1. Prologue — The Whispered Tale.
Long before fire learned to climb the sky,
the moon was not a stone,
but a soul.
She watched the world with longing,
round and full and always apart.
The elders say
the moon once touched the earth,
and it burned her,
so she learned to visit in softer form.
They say she chose
the shape of a fox—
quiet, clever, unseen,
but never unnoticed.
#2. The Descent.
They do not know
she fell,
not by choice
but by ache.
She fell as light through cracks in still water,
her body forming from breath and memory.
She became girl—
but the moonlight never left her bones.
Sometimes
you’ll see her in the forests of thought,
tail flicking between lines of poetry,
never quite touchable,
never quite gone.
#3. The Watcher.
I saw her
before I knew her.
A mouth—
shaped like mine
when I forget I’m being seen.
Eyes that held a creature
in each iris:
one pacing,
one chained.
She smiled like she was mouthing a warning.
And I did not run.
#4. The Dialogue.
“You see me,” she said.
“I see you,” I replied.
“No,” she whispered,
“you look, even when it hurts.”
I asked her what it felt like
to carry the moon inside your chest.
“Like humming with no mouth,”
she said,
“like singing to someone
who can’t hear spirit-speech.”
She asked me if I feared her.
I said,
“No. But I fear what you awaken.”
#5. The Revelation.
She showed me:
Her fur at dusk, silvered and soft.
The way her form flickered—
fox, woman, silence, flame.
“I was given to the world to heal it,”
she said,
“but the world wants its wounds.”
“I was married to a sky that forgot me.
I became a symbol
when I wanted to be a soul.”
I touched her face
and it rippled
like moonlight on a lake
tricked into thinking it was still.
#6. The Linger.
Now she walks still.
Sometimes woman.
Sometimes fox.
Sometimes breath on my neck
when I doubt myself.
She does not howl.
She does not sleep.
She watches.
Not to haunt,
but to hope.
They say
if you see the fox and don’t flinch,
she will give you her name.
She gave me mine instead.
A traveler glimpses a creature of light wearing fur like grief and eyes like cages.

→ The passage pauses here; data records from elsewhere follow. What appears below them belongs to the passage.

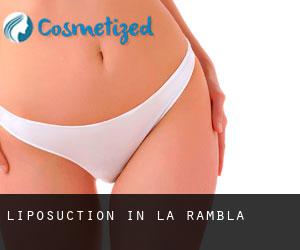 Liposuction in La Rambla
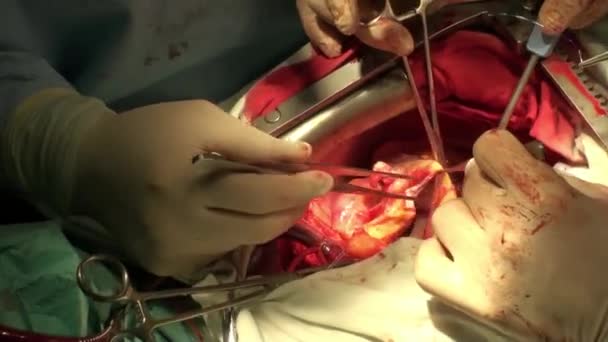 Doctor doing heart operation. Breastfeeding heart surgery — Stock Video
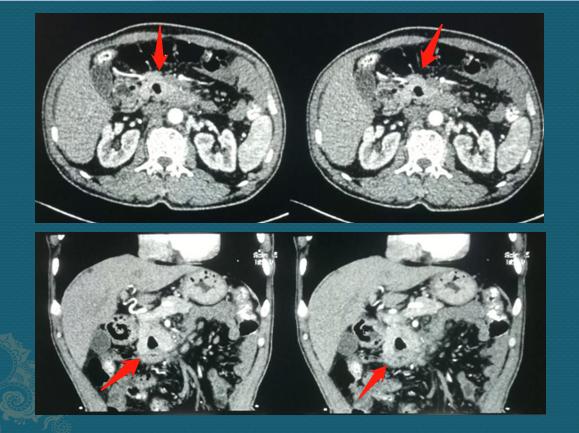29岁肠癌晚期生命仅剩半年,29岁得了肠癌怎么办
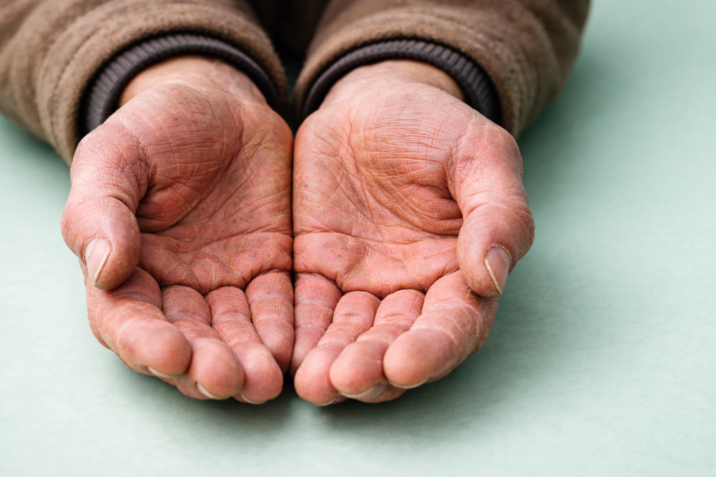 Mãos cuja pele se nota que está muito agredida pelo frio e trabalho físico.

They do not speak the same language,
but they mouth the same silence.
By firelight and moon-pulse,
they trade names neither one remembers giving.
One of them never existed.
The other never belonged.
Only the forest remembers what was promised.
Only the tide knows if she stayed.
This is not a story.
This is a reflection in moving water,
and every reader is the stone that distorts it.
I did not write this—
I was visited.
She asked me to remember her,
though I never met her before the dream.
Every line is a pawprint that refuses to be followed.
Every truth is hiding in a synonym.
If you think you understand it,
read it again at night.
Once on a full moon, then on a new moon and then every phase in between, forever.